Direktur Jose G. Tan menjelaskan, kinerja negatif di 2024 disebabkan oleh menurunnya permintaan etanol food-grade berkualitas tinggi, yang berdampak pada pelemahan harga baik di pasar domestik maupun internasional.
“Di saat bersamaan, kami juga menghadapi kenaikan harga bahan baku. Rata-rata harga molasses di semester II 2024 naik sekitar 15%,” jelasnya.
Namun memasuki 2025, Jose menyampaikan bahwa tren mulai menunjukkan perbaikan. Normalisasi harga molasses dan mulai pulihnya harga jual etanol diyakini dapat mendorong pemulihan kinerja MOLI. Optimisme ini tercermin dari kinerja kuartal I-2025, di mana pendapatan naik 19,56% yoy menjadi Rp366,07 miliar. Sementara laba bersih juga tumbuh 28,24% menjadi Rp7,40 miliar.
Strategi perusahaan ke depan mencakup peningkatan efisiensi operasional, ekspansi pasar ekspor, serta pengembangan produk baru.
“Kami akan fokus pada pasar niche dengan permintaan etanol berkualitas tinggi, termasuk untuk segmen minuman dan energi,” kata Donny.
Meski demikian, Donny juga menyoroti sejumlah tantangan yang dihadapi industri, seperti oversupply domestik, kebijakan bebas bea masuk etanol dari Pakistan, dan regulasi ekspor yang belum maksimal. Oleh karenanya, MOLI akan lebih fokus pada pasar ekspor dengan margin lebih tinggi.

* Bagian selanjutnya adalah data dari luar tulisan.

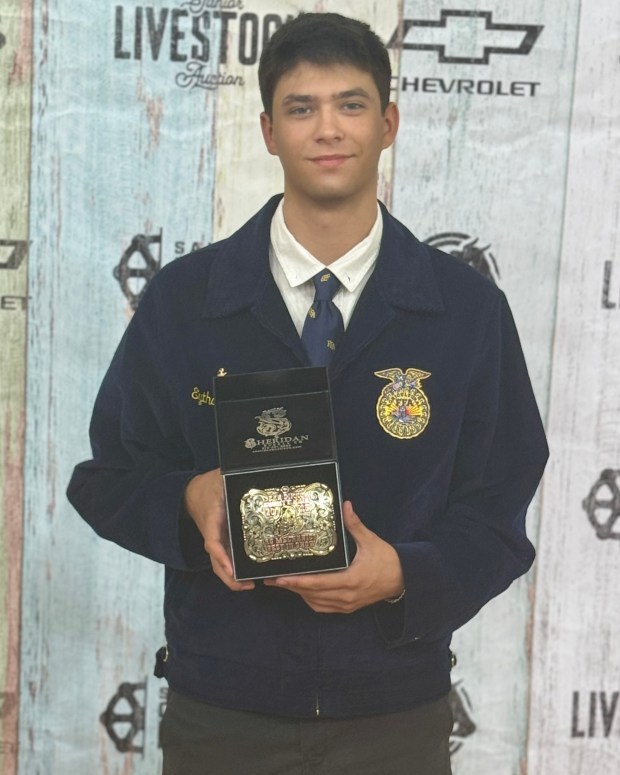 Ramona resident Eythan Browning holds a belt buckle that he won for his 14-foot dump trailer project on display at the San Diego County Fair. Browning received a $2,500 Allan Royster Endowment Vocational Education Scholarship to study welding at ABC Construction. (Courtesy Eythan Browning)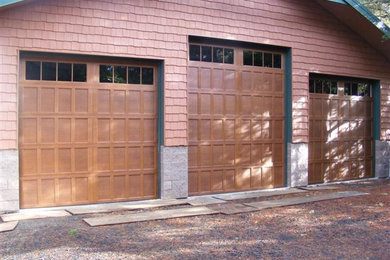 Garage - large attached three-car garage idea in Columbus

Ia juga menambahkan bahwa faktor eksternal seperti penguatan nilai tukar dolar AS serta komitmen pemerintah dalam mendorong pemanfaatan bioetanol menjadi peluang strategis yang bisa dimaksimalkan MOLI.
Untuk mendukung rencana ekspansi dan peningkatan kualitas produksi, MOLI mengalokasikan belanja modal (capital expenditure/capex) sebesar Rp80 miliar di 2025. Dana ini akan difokuskan pada modernisasi fasilitas manufaktur, peningkatan efisiensi, serta kegiatan riset dan pengembangan produk.
“Investasi ini kami arahkan untuk mendukung pertumbuhan jangka panjang perusahaan,” ujar Jose.
Sebagai pembanding, pada 2024 MOLI menganggarkan capex senilai Rp30 miliar, dengan realisasi sebesar Rp19,4 miliar. Sebagian besar dana tersebut digunakan untuk perbaikan dan peningkatan efisiensi peralatan produksi.